PROBLEM REQUIREMENTS —
A faithful copy of the data is what is wanted, minus any pictures.

(Brief descriptive captions)

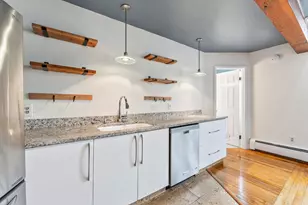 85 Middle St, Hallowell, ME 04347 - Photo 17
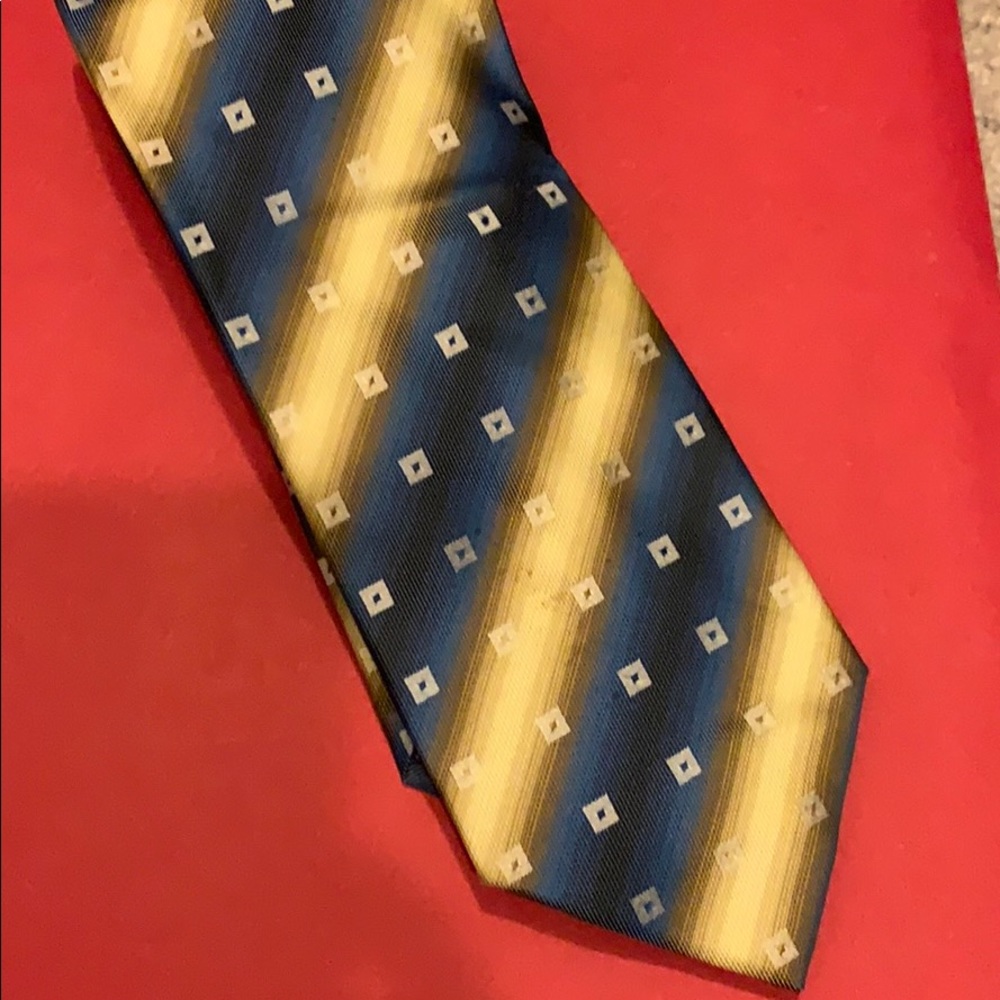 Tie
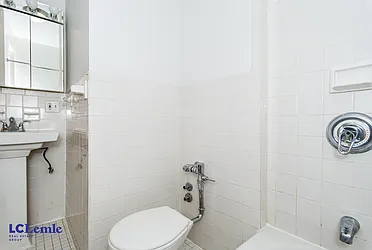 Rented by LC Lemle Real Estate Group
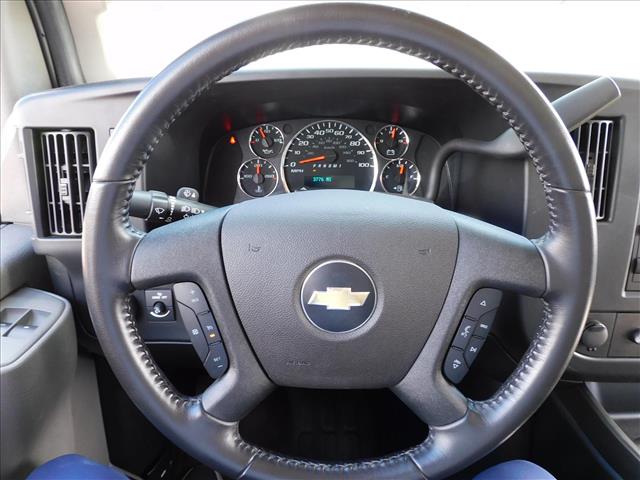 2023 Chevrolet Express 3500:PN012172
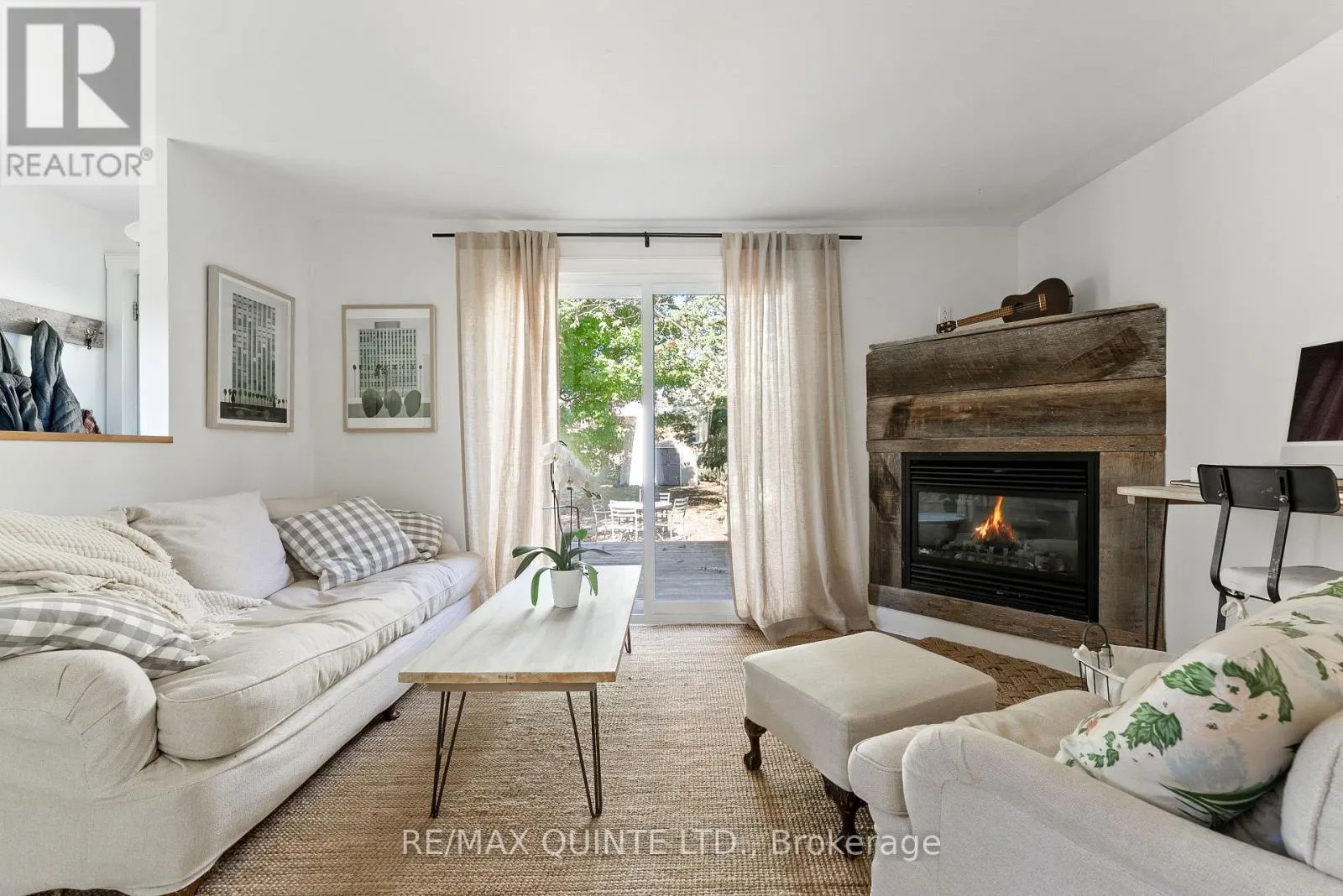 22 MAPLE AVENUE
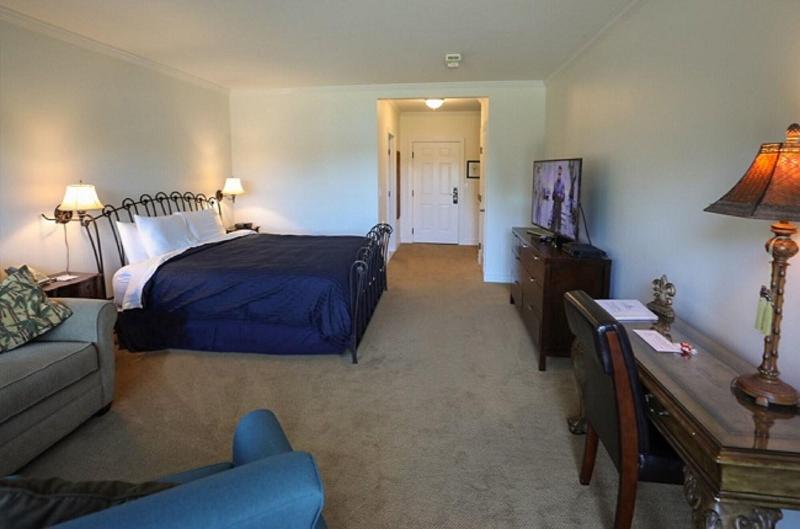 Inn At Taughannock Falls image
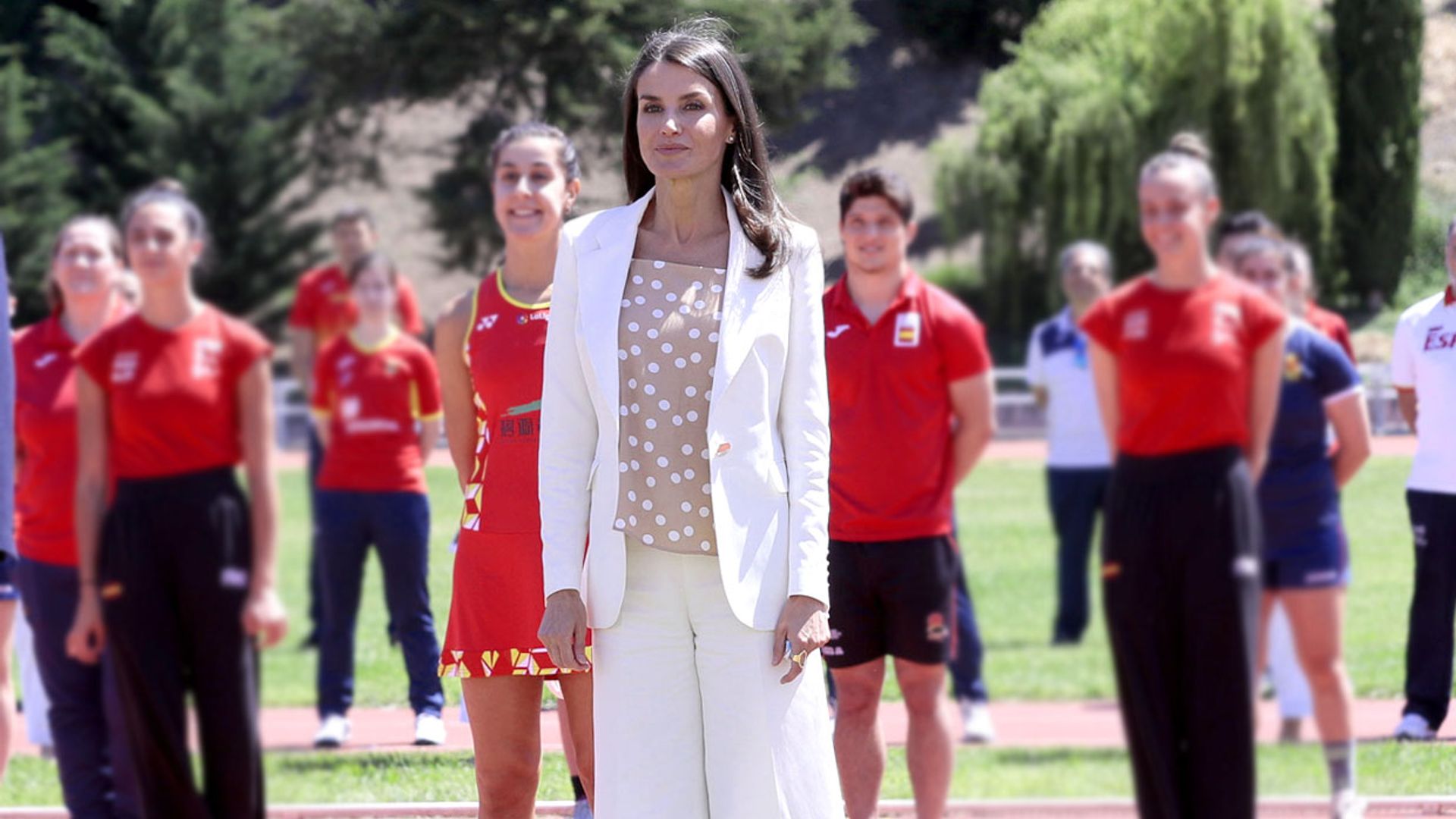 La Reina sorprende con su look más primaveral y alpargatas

RESPONSE BELOW —
 85 Middle St, Hallowell, ME 04347 - Photo 17
 Tie
 Rented by LC Lemle Real Estate Group
 2023 Chevrolet Express 3500:PN012172
 22 MAPLE AVENUE
 Inn At Taughannock Falls image
 La Reina sorprende con su look más primaveral y alpargatas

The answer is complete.